#### Available data ####

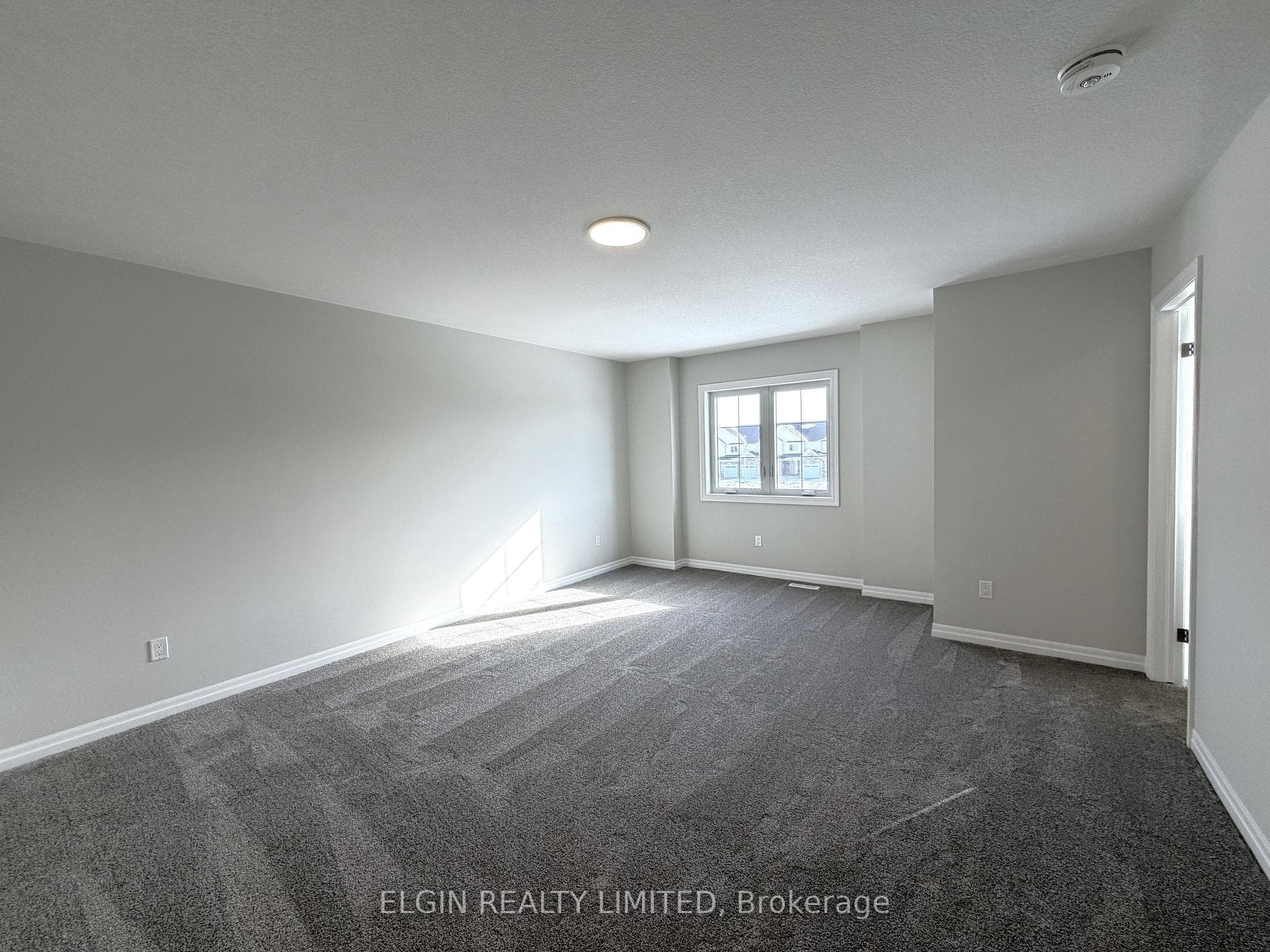 107 Willow Drive photo 13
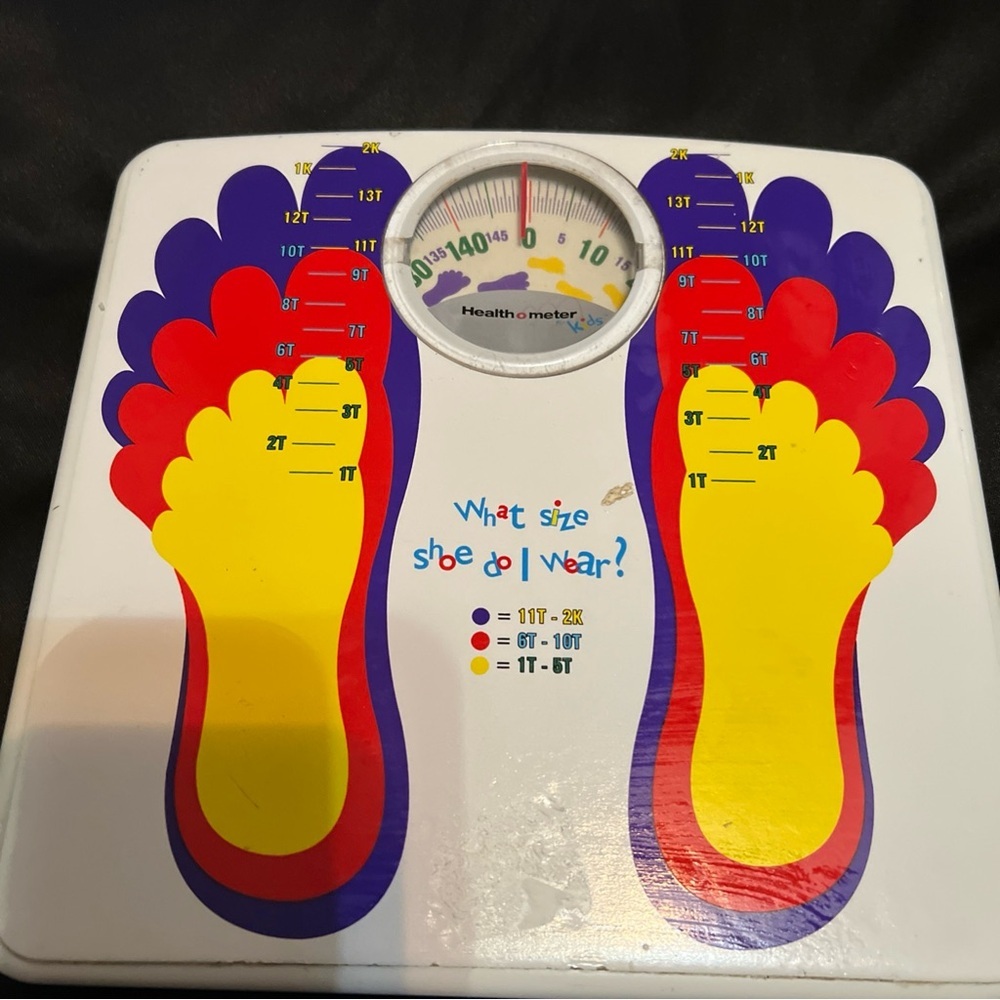 Vintage Childfrens Health O Meter feet Scale, measure up to 149lbs
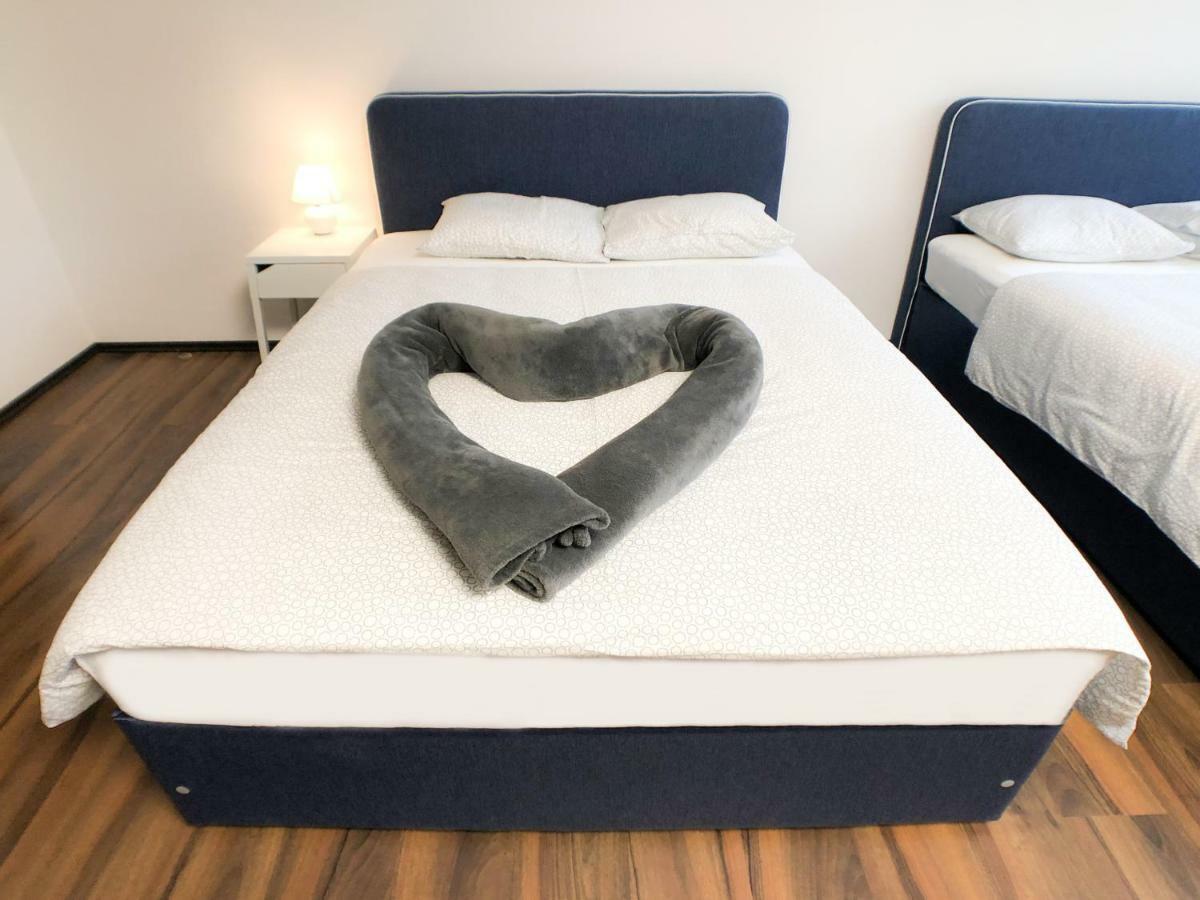 Apartament Vips *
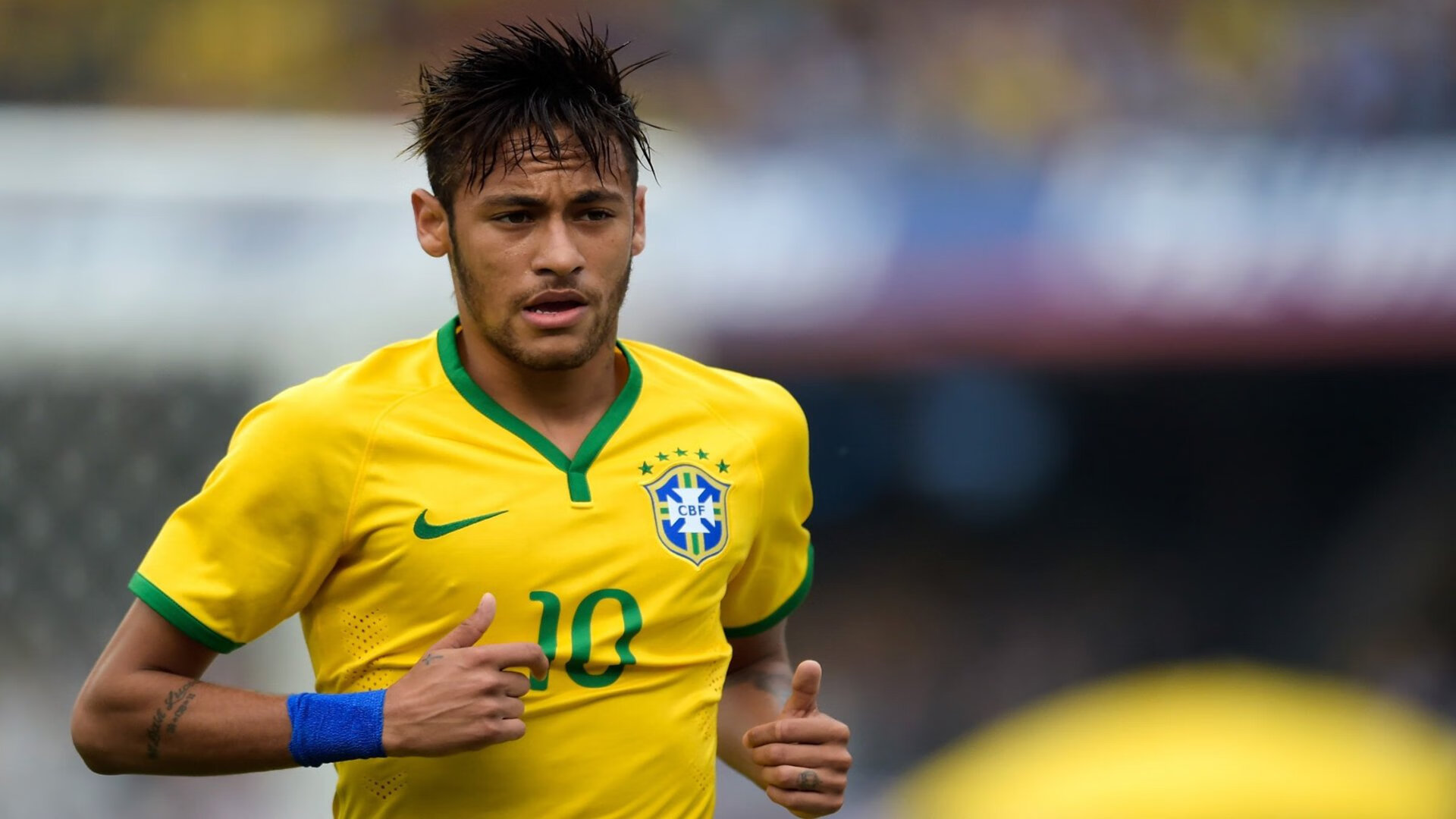 在一次经典对决中，库里连续两节投中九个三分球，带领勇士轻松取胜！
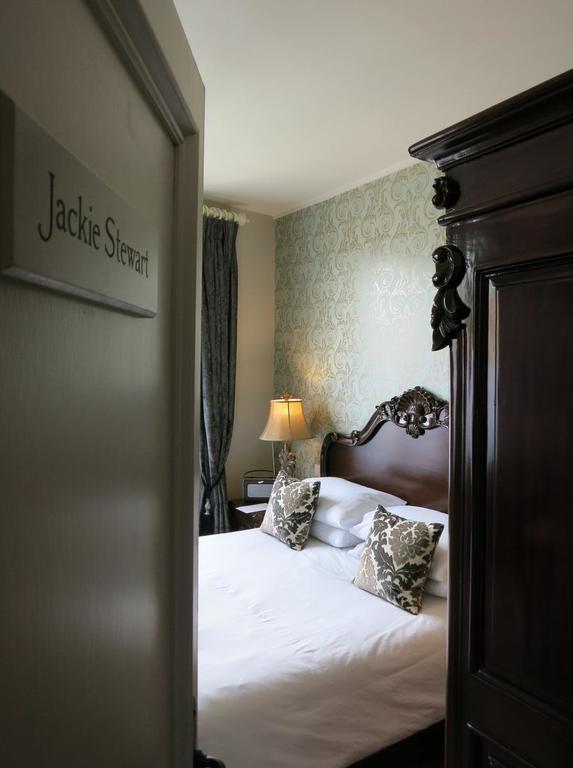 Logis Hotel De France La Chartre-sur-le-Loir Екстер'єр фото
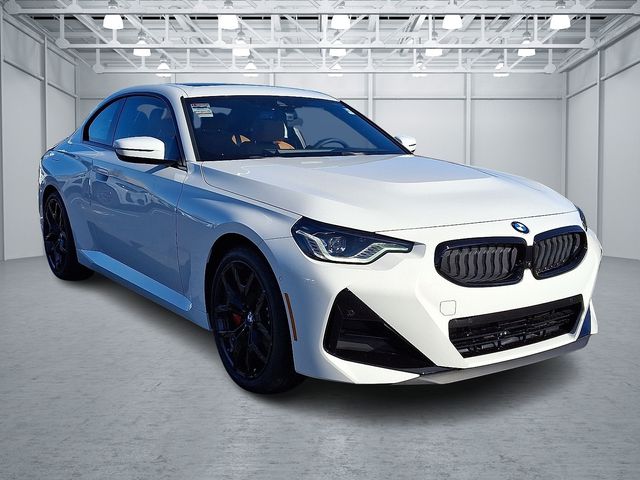 2026 Bmw 230i xDrive photo 3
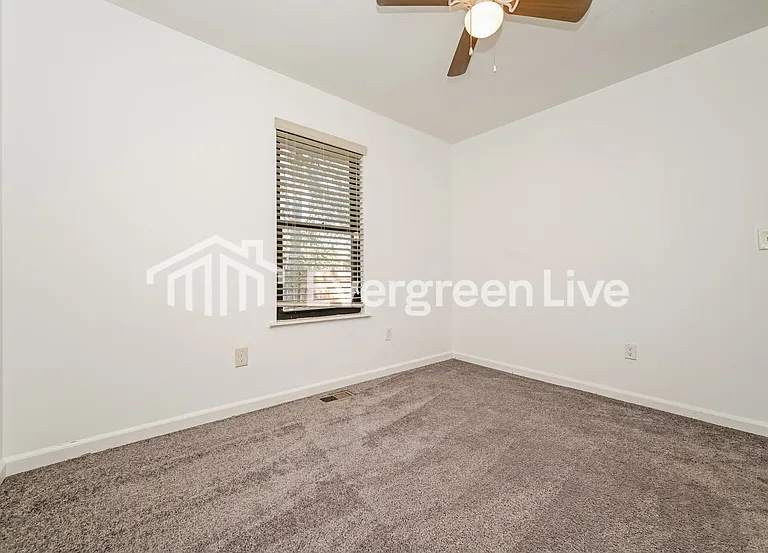 165 Thurman St — Photo 3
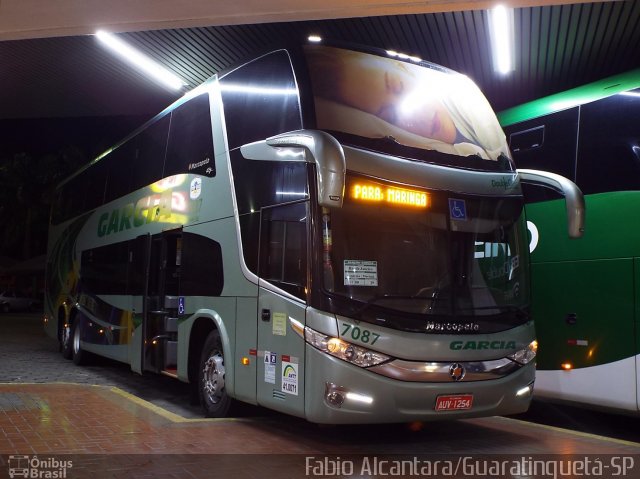 Viação Garcia 7087 na cidade de Guaratinguetá, São Paulo, Brasil, por Fabio Alcantara. Número da foto: #2566221.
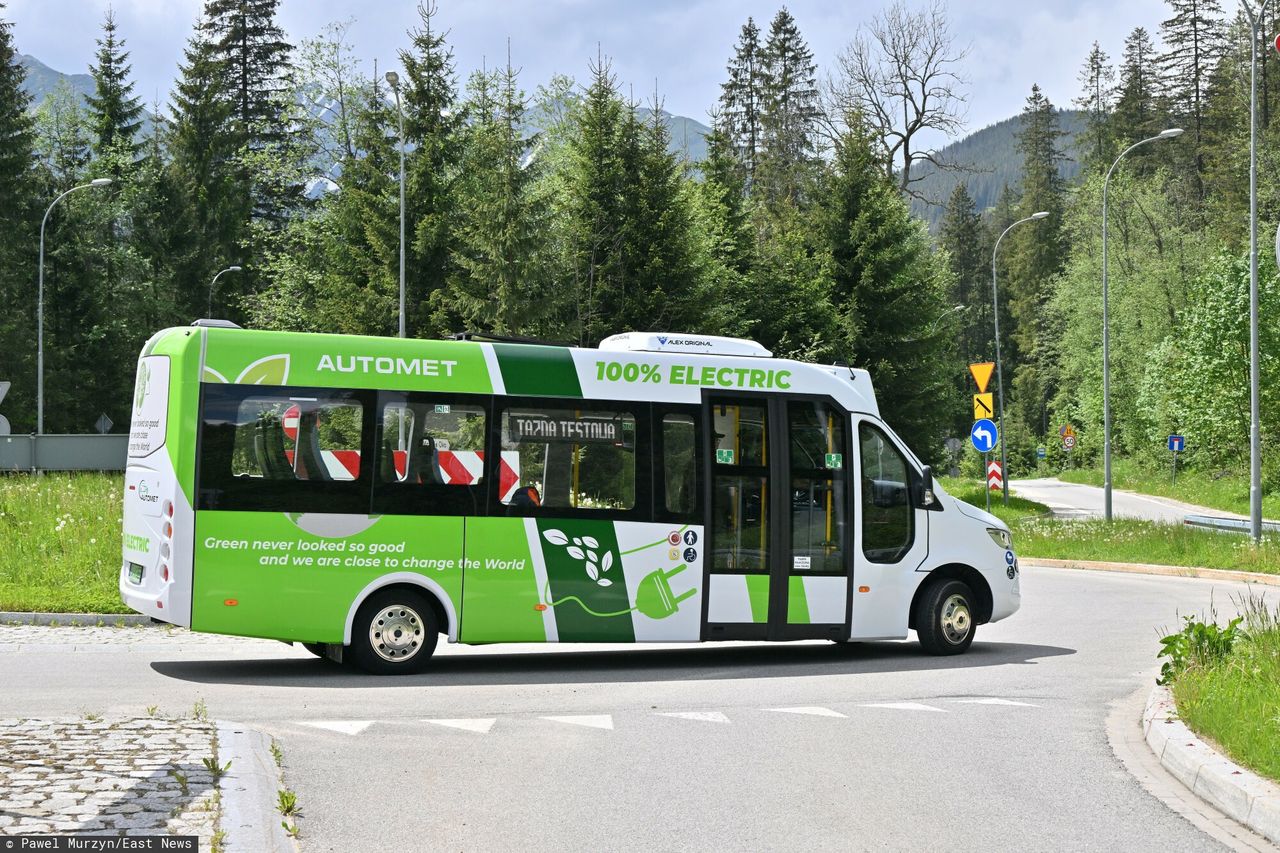 Awaria elektrycznego busa. Utknął przed Morskim Okiem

####

What you are asked to do ▸ Your answer must be exactly the lines from the one containing "Apartament Vips *" through the last line of the records above, both included, with every picture left out.

Response to the exercise ▸
 Apartament Vips *
 在一次经典对决中，库里连续两节投中九个三分球，带领勇士轻松取胜！
 Logis Hotel De France La Chartre-sur-le-Loir Екстер'єр фото
 2026 Bmw 230i xDrive photo 3
 165 Thurman St — Photo 3
 Viação Garcia 7087 na cidade de Guaratinguetá, São Paulo, Brasil, por Fabio Alcantara. Número da foto: #2566221.
 Awaria elektrycznego busa. Utknął przed Morskim Okiem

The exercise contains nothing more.